服部金太郎の長男であり、服部時計店2代目社長となる服部玄三によれば、ネオルネサンス様式の採用は元々、建築家・高橋貞太郎が提案したものだった。高橋が金太郎に進言した、というのだ。

高橋は渡辺よりも5歳下で、30代後半。東大の後輩だったが、当時既に、学士会館、前田侯爵邸洋館を完成させ、昭和5年(1930)には日本生命館(後の日本橋高島屋)の設計競技にも当選。上高地ホテル、川奈ホテルや帝国ホテルの新館も手がけ、やがてホテル建築家として名を成すことになる。

高橋は、服部時計店ビル竣工の翌年に完成する服部金太郎の自邸の設計を手がけることから、金太郎とは既に厚い信頼関係が生まれていたのだろう。

和光の時計塔 写真
建築スタイルは格式と威厳を感じさせるネオルネサンス様式。

写真 稲葉なおと(平成30年撮影)

一方で、渡辺仁建築工務所で設計を担当した渡辺光雄もまた、ネオルネサンス様式が採用された経緯について回想している。
渡辺仁建築工務所から施主側に幾つかの設計案を提案したものの、どれも通らなかった。
そんな中、ネオルネサンス様式は、服部時計店の現場の打ち合わせ主任であった図案部部長・八木豊次郎が中心となって提案され、それをもとに設計図を完成した、というのだ。
渡辺光雄の記述には高橋の名は登場しない。
服部玄三と渡辺光雄、ふたりの回想は相異なるようだが、真相はつまり、こういうことだったのだろう。
高橋貞太郎の進言を受けた服部金太郎が、服部時計店の現場主任・八木にその旨を伝え、指示を受けた八木が渡辺仁の事務所へ、施主の希望として今回新築する建築はネオルネサンス様式でと提案し、採用された。

和光本館 外観 写真
1・2階の下層部、3〜6階の主要部、7階の最上部の3層で構成されている。各層は軒庇(のきひさし)で仕切られた様式になっている。

写真 稲葉なおと(平成30年撮影)

建築の外装の要所や、当時のエレベーターのガラス扉に生かされた唐草模様についても、渡辺光雄が興味深い逸話を残している。
ここでもアイディアを出したのは、建築家側ではなく施主側だったというのだ。
発案者は、金太郎の次男で、やがて兄・玄三のあとを継ぎ、3代目社長となる服部正次。
正次が渡仏した際に眼にしたネオルネサンス様式の建築に感銘を受け、似たような唐草模様の装飾で彩られたガラスの庇(ひさし)を服部時計店ビルにも採用出来ないかと提案した。

アラベスク(唐草)の装飾 写真
建物の窓部分には、ブロンズでアラベスク(唐草)の繊細な透かし模様の装飾などがあしらわれており、手の込んだ細工に驚かされる。

写真 稲葉なおと(平成30年撮影)

だが敷地一杯に建つ建物に庇を出せる余地はなく、その案を生かすことが出来なかった。
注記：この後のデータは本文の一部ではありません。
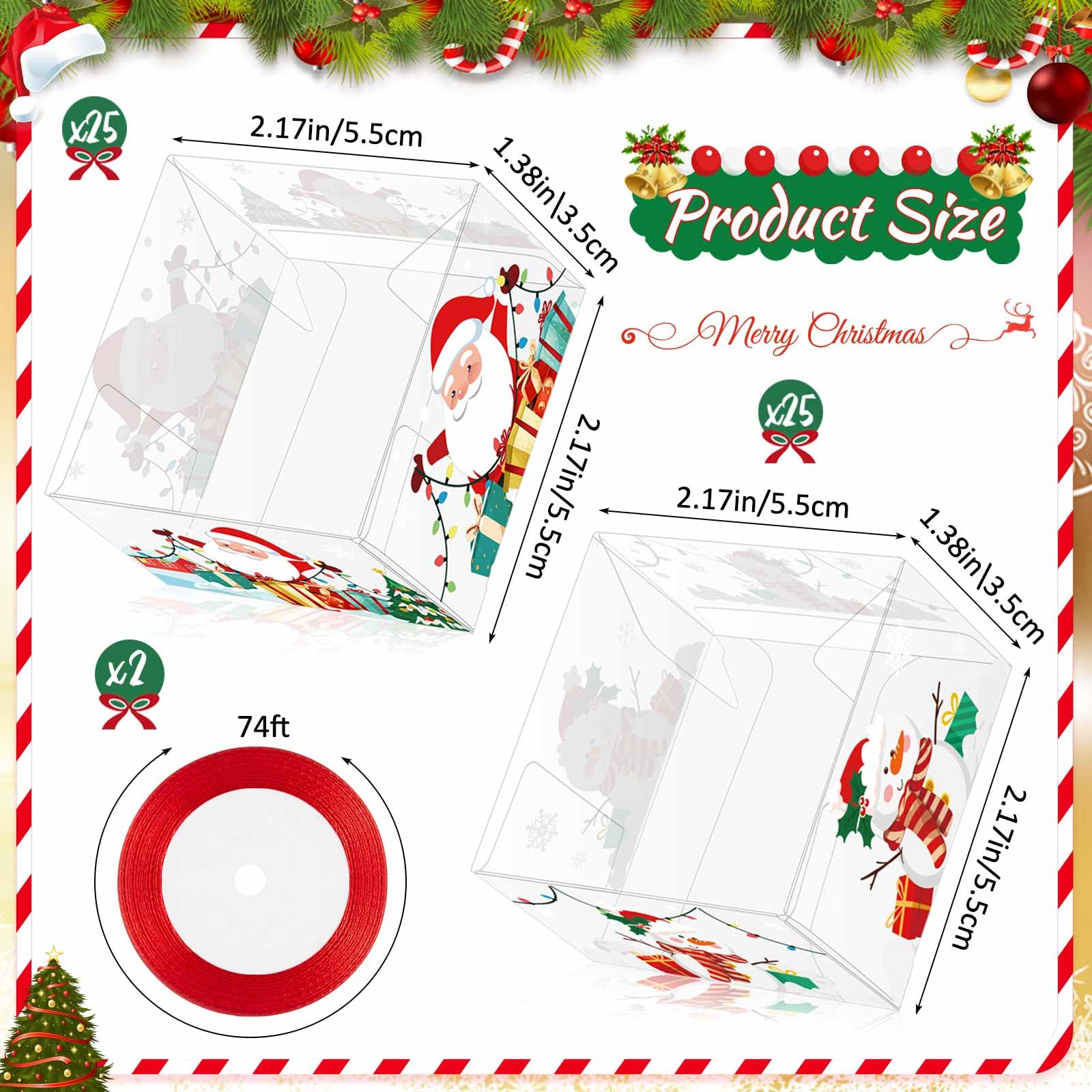 Henoyso 50 Pcs Christmas Mini Candy 2.17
そこで庇に変わる装飾の場として、渡辺光雄が壁面の随所に唐草模様のデザインを施したのだ。
曽禰と中條からバトンを引き継いだ渡辺、さらに高橋という建築家たちの手と才を経た新しい建築は、服部金太郎とその家族の発案が大きな機動力となりながら、設計の基本方針が決められていったのである。

和光の時計塔 写真
時計塔の4角には古典的なギリシャ風の柱を設え、時計をモダンなブロンズのフレームに取り付け、石造りのアーチの中にはめ込み、建物の持つ様式と時計塔を巧みに融合させた。

写真 稲葉なおと(平成30年撮影)

昭和5年(1930)5月、本体建築の設計図書、完成。
大林組との激烈な競争入札の末に、施工者としての札を勝ち取ったのは清水組(後の清水建設)だった。
同年6月11日、着工。
工事は進み始めたものの、設計者、そして施工者にはまだ大きな難題が待ち構えていた。
設計担当者・渡辺光雄を悩ませたのは、頂部にそびえ立つ時計塔の設計。
着工しても尚、そのデザインは決まっていなかったのだ。

和光の時計塔 写真
時計塔は高さ9.1m、文字盤の直径2.4m。4面全てに文字盤があり、ほぼ正確に東西南北を向いている。

写真 和光(昭和7年)

当初より「世界に二つとない時計塔としたい」という服部金太郎の意向を受け、世界中の時計塔の資料を入手し提案したものの、これといった案がまだ通っていなかった。
その過程において、服部金太郎より更に指摘がなされた。
「時計塔の位置を当初の設計図のものより、もっと前に出したほうが全体の収まりがよいのではないか」
渡辺光雄はこの指摘を受け、何案もの図面を描き、何度も模型を作りつづけた。
だがどれも施主が納得できるだけの案には至らなかった。作っては差し戻されの繰り返しにより、ついに「ノイローゼ状態にまで陥ってしまった」と渡辺自身が書き残している。

和光の時計塔 写真
和光の時計塔は軒庇(のきひさし)の真ん中を一段上げ、人々の視線が向くよう工夫がされている。

写真 稲葉なおと(平成30年撮影)

寝るときには必ずスケッチブックを枕もとに置き、まさに24時間体制で案を練る日が続いた。
そんなある日のことだ。寝床の中でふと思いついたアイディアがあった。
ふとんから跳ね起き、図面にした。翌朝一番に事務所に駆け込み、模型を作る。
すぐさま施主側に連絡を入れ、提案したところ、ようやく服部金太郎を満足させることが出来たのだ。
このとき既に、着工して約1年が経過していた。

和光本館 写真
苦労の末に誕生した銀座のランドマーク、和光本館。

写真 稲葉なおと(平成30年撮影)

東大建築学科を卒業し、清水組入社わずか2年目で服部時計店ビル工事現場を担当したのは吉川清一。いずれ社長へ、さらに会長へと昇り詰める吉川の回想によると、施工会社としての難題は、地下1階を売場とした計画にあったという。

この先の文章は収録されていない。